PROMPT »
The records that follow need to be output exactly as they are.

RECORDS »
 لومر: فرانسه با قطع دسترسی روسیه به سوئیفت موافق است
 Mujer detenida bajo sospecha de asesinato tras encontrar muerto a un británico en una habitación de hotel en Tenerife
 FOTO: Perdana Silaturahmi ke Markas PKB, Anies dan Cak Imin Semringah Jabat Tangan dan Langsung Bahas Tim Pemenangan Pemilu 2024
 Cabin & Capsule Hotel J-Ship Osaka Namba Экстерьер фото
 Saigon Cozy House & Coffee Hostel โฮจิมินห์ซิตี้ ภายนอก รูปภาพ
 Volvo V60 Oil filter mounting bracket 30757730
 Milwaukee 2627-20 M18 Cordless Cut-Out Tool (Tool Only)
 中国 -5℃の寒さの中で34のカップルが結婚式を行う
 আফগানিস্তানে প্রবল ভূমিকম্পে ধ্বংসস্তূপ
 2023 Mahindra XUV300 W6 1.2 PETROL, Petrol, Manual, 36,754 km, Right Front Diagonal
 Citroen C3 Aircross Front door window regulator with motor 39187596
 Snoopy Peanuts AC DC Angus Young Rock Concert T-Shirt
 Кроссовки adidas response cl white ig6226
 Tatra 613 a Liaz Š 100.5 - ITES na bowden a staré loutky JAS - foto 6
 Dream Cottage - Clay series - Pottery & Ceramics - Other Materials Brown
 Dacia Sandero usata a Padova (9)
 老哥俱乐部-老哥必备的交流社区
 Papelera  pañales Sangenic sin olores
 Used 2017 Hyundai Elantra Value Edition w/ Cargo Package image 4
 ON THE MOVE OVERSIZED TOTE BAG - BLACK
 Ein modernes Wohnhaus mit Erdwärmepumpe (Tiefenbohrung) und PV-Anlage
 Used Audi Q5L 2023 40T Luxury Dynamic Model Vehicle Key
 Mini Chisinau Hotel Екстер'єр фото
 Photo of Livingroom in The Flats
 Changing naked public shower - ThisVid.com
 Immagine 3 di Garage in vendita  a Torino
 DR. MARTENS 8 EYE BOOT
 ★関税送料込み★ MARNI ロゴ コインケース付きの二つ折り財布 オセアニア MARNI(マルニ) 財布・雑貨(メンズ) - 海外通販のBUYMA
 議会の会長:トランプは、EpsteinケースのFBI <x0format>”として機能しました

ANSWER TO THIS TASK »
 لومر: فرانسه با قطع دسترسی روسیه به سوئیفت موافق است
 Mujer detenida bajo sospecha de asesinato tras encontrar muerto a un británico en una habitación de hotel en Tenerife
 FOTO: Perdana Silaturahmi ke Markas PKB, Anies dan Cak Imin Semringah Jabat Tangan dan Langsung Bahas Tim Pemenangan Pemilu 2024
 Cabin & Capsule Hotel J-Ship Osaka Namba Экстерьер фото
 Saigon Cozy House & Coffee Hostel โฮจิมินห์ซิตี้ ภายนอก รูปภาพ
 Volvo V60 Oil filter mounting bracket 30757730
 Milwaukee 2627-20 M18 Cordless Cut-Out Tool (Tool Only)
 中国 -5℃の寒さの中で34のカップルが結婚式を行う
 আফগানিস্তানে প্রবল ভূমিকম্পে ধ্বংসস্তূপ
 2023 Mahindra XUV300 W6 1.2 PETROL, Petrol, Manual, 36,754 km, Right Front Diagonal
 Citroen C3 Aircross Front door window regulator with motor 39187596
 Snoopy Peanuts AC DC Angus Young Rock Concert T-Shirt
 Кроссовки adidas response cl white ig6226
 Tatra 613 a Liaz Š 100.5 - ITES na bowden a staré loutky JAS - foto 6
 Dream Cottage - Clay series - Pottery & Ceramics - Other Materials Brown
 Dacia Sandero usata a Padova (9)
 老哥俱乐部-老哥必备的交流社区
 Papelera  pañales Sangenic sin olores
 Used 2017 Hyundai Elantra Value Edition w/ Cargo Package image 4
 ON THE MOVE OVERSIZED TOTE BAG - BLACK
 Ein modernes Wohnhaus mit Erdwärmepumpe (Tiefenbohrung) und PV-Anlage
 Used Audi Q5L 2023 40T Luxury Dynamic Model Vehicle Key
 Mini Chisinau Hotel Екстер'єр фото
 Photo of Livingroom in The Flats
 Changing naked public shower - ThisVid.com
 Immagine 3 di Garage in vendita  a Torino
 DR. MARTENS 8 EYE BOOT
 ★関税送料込み★ MARNI ロゴ コインケース付きの二つ折り財布 オセアニア MARNI(マルニ) 財布・雑貨(メンズ) - 海外通販のBUYMA
 議会の会長:トランプは、EpsteinケースのFBI <x0format>”として機能しました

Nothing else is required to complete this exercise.